Esta combinación hoy resulta clave para la transición, ya que permitiría usar los mecanismos correctores del mercado, teniendo en cuenta sus distorsiones, para contrarrestar las desproporciones de la economía y tener una estimación comparada con el mercado mundial, de la productividad de la economía planificada.
En la sociedad de transición el funcionamiento de los soviets es lo que permite a través del proceso de libre crítica, alcanzar un relativo equilibrio entre las necesidades que plantea el desarrollo actual de las fuerzas productivas, el esfuerzo requerido y la reducción progresiva de la jornada de trabajo. A su vez, el proceso de libre crítica de los consumidores es insustituible para alcanzar una calidad aceptable de los bienes y servicios producidos.

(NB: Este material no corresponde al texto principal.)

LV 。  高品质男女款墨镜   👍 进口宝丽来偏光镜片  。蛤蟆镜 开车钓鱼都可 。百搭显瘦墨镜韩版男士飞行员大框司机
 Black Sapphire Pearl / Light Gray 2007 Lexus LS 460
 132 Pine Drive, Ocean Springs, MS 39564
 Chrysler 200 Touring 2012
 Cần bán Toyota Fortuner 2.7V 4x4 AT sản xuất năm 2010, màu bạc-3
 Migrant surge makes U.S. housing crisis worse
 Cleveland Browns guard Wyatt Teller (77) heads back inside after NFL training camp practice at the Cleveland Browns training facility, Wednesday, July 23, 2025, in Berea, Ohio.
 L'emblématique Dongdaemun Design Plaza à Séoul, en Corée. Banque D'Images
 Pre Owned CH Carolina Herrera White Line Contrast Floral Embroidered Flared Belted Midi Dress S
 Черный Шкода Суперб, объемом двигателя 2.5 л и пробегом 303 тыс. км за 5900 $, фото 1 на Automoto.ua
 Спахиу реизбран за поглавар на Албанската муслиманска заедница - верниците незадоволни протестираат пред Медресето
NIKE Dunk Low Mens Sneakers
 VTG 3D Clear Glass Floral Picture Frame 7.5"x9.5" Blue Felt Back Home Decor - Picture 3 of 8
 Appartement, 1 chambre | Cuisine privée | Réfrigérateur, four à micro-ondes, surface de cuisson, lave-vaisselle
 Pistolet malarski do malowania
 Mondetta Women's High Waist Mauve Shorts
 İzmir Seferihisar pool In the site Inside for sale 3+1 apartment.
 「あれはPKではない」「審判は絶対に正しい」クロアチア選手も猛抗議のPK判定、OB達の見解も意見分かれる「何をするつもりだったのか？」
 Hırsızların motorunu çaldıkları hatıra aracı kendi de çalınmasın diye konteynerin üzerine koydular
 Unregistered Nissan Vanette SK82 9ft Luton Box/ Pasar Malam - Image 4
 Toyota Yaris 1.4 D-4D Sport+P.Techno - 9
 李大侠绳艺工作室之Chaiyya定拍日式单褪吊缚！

En un estado obrero transicional revolucionario que busca desarrollar los elementos socialistas presentes en la propiedad nacionalizada, la planificación de la economía no tiene nada que ver con la “economía de comando” stalinista, sino que cuenta con la participación conciente de productores y consumidores a través de los concejos obreros.
La experiencia stalinista pervirtió absolutamente la relación entre órganos de frente único de masas -los soviets- y el partido revolucionario, transformando a la dictadura del proletariado en dictadura del partido stalinista.
Trotsky le opuso a este régimen de partido único, el pluripartidismo soviético como norma programática, fundamentado en la existencia de otra clases sociales no explotadoras en la sociedad de transición, como por ejemplo el campesinado, y en la heterogeneidad de la clase obrera. Esta misma heterogeneidad social es la que plantea en forma aguda la necesidad de un partido obrero revolucionario que persiga concientemente la realización de los fines de la revolución y que gane la dirección en los organismos soviéticos.
El fracaso del stalinismo mostró la imposibilidad de desarrollar el socialismo dentro de las fronteras nacionales. Si hubiese triunfado la revolución alemana probablemente el proletariado de ese país avanzado hubiera asistido a la joven revolución rusa, ahogada por el atraso y el cerco imperialista.
La conquista del poder por parte del proletariado es sólo es el inicio de un proceso de transformación de todos los aspectos de la vida económica, política y social de un país, a la vez que un punto de apoyo para la extensión de la revolución socialista en el terreno internacional, porque sólo derrotando al capitalismo en sus centros será posible el socialismo como proyecto de emancipación de la humanidad de la explotación y la opresión. Esto permitiría avanzar hacia la conquista definitiva del “reino de la libertad”, que consiste en una sociedad basada en la desaparición del trabajo asalariado, la mercancía, la moneda y el estado, una sociedad comunista.